11.21.2004

When I noticed the New York Times Book Review did a piece on Lyn Hejinian's Best American Poetry I thought, hmmm... I'm sure this will include an extensive, thrilled quotation from Kasey Silem Mohammad's poem Mars Needs Terrorists. I'm sure they wouldn't just run series of understated, threatened put-downs....

What we get is a picture of Lyn, which is shocking enough to see in the Book Review, with the words What Were You Thinking writ large below it. Then we get complaints that experimental poets are actually established, clearly too established for Orr's comfort. This is followed by complaints that the "traditional" sources BAP is taken from, Poetry, The Paris Review, etc. are missing.

I have to admit that I found Orr's comparison of the relative print runs of Shiny, The Yale Review and Cat Fancy amusing. Then the central complaints: the poetry here is not based on anecdote and "constructing a reliable voice."

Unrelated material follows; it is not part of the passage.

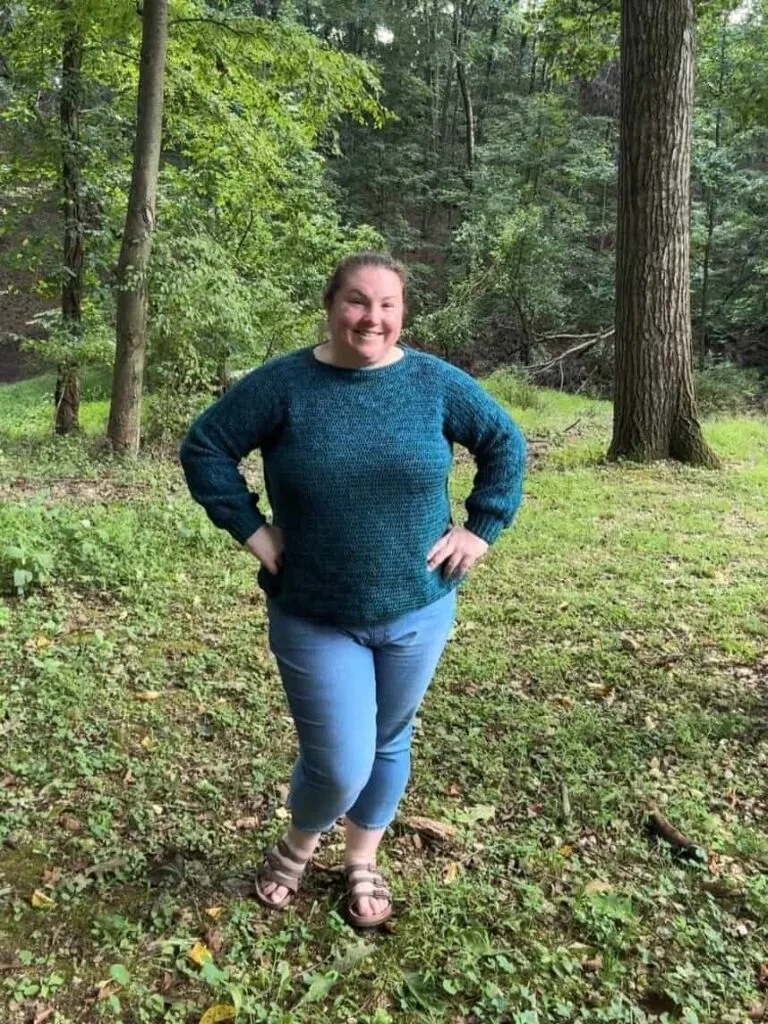 Jess from Craic Creations wearing the Coastal Breeze crochet sweater in a woodland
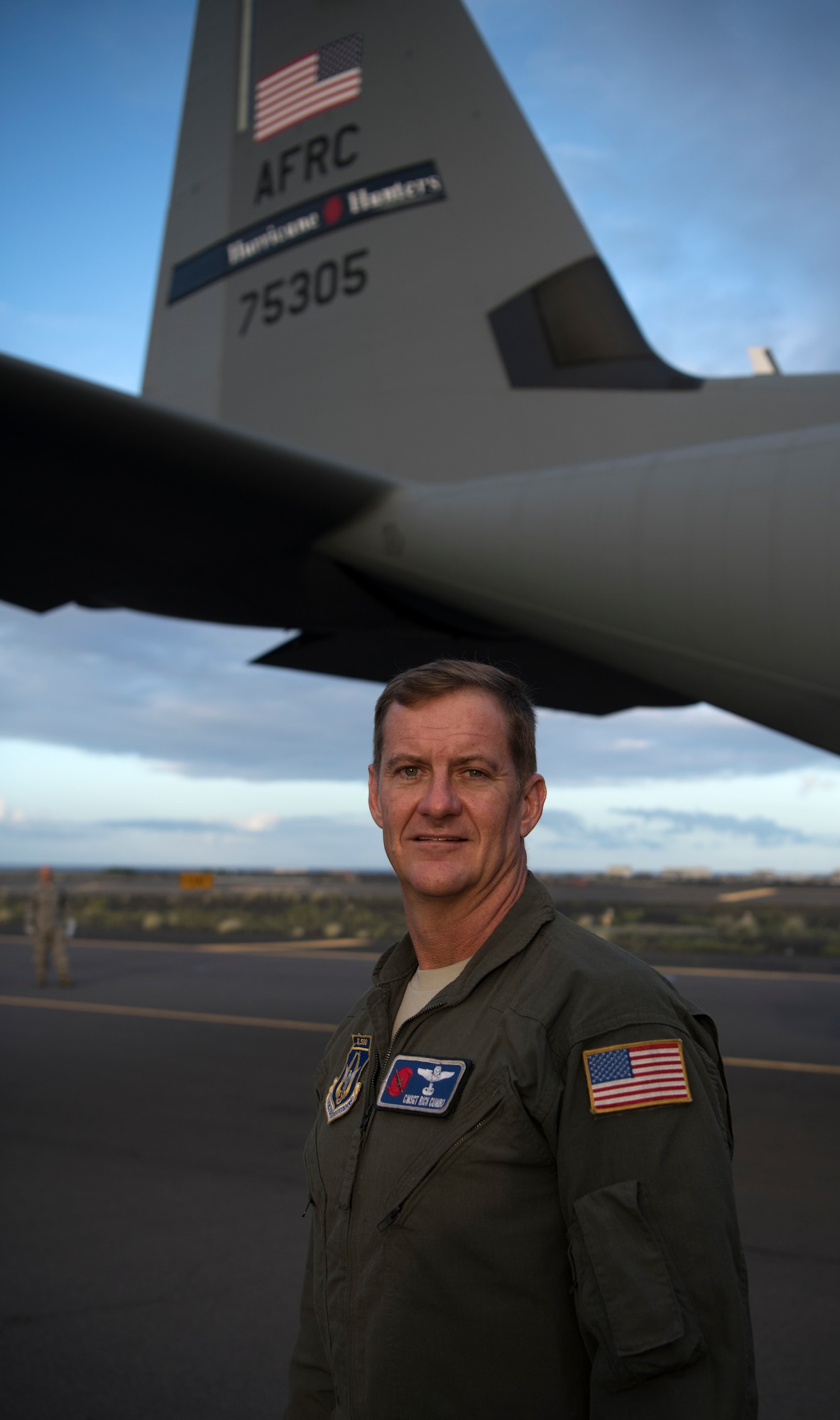 Chief Master Sgt. Rick Cumbo, loadmaster for the 53rd Weather Reconnaissance Squadron at Keesler Air Force Base, Mississippi, stands in front of the tail of a WC-130J Super Hercules at Kona International Airport, Hawaii, July 28, 2020. Cumbo became the recordholder for most eyewall penetrations, with 341, after flying Hurricane Douglas July 24. (U.S. Air Force photo by Senior Airman Kristen Pittman)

Orr uses the second Matrix movie as a metaphor for what he sees as the weakness of experimental poetry. Metaphor can sometimes have a way of magnetically pulling away from uses the writer had intended for it. The closer, related, metaphor here would be the first Matrix film, where Neo, still in the ignorance-is-bliss Fox News/ Yale Review Matrix, is offered the pill and rabbit hole of a less reassuring but more real version of things (less based on anecdote and reliable voice you could say). Maybe Orr will one day go back and decide to take the other pill. You can imagine Lyn offering it to him with a sunglasses and an ankle-length leather trench coat. Lyn is Morpheus. Kasey is the pill itself.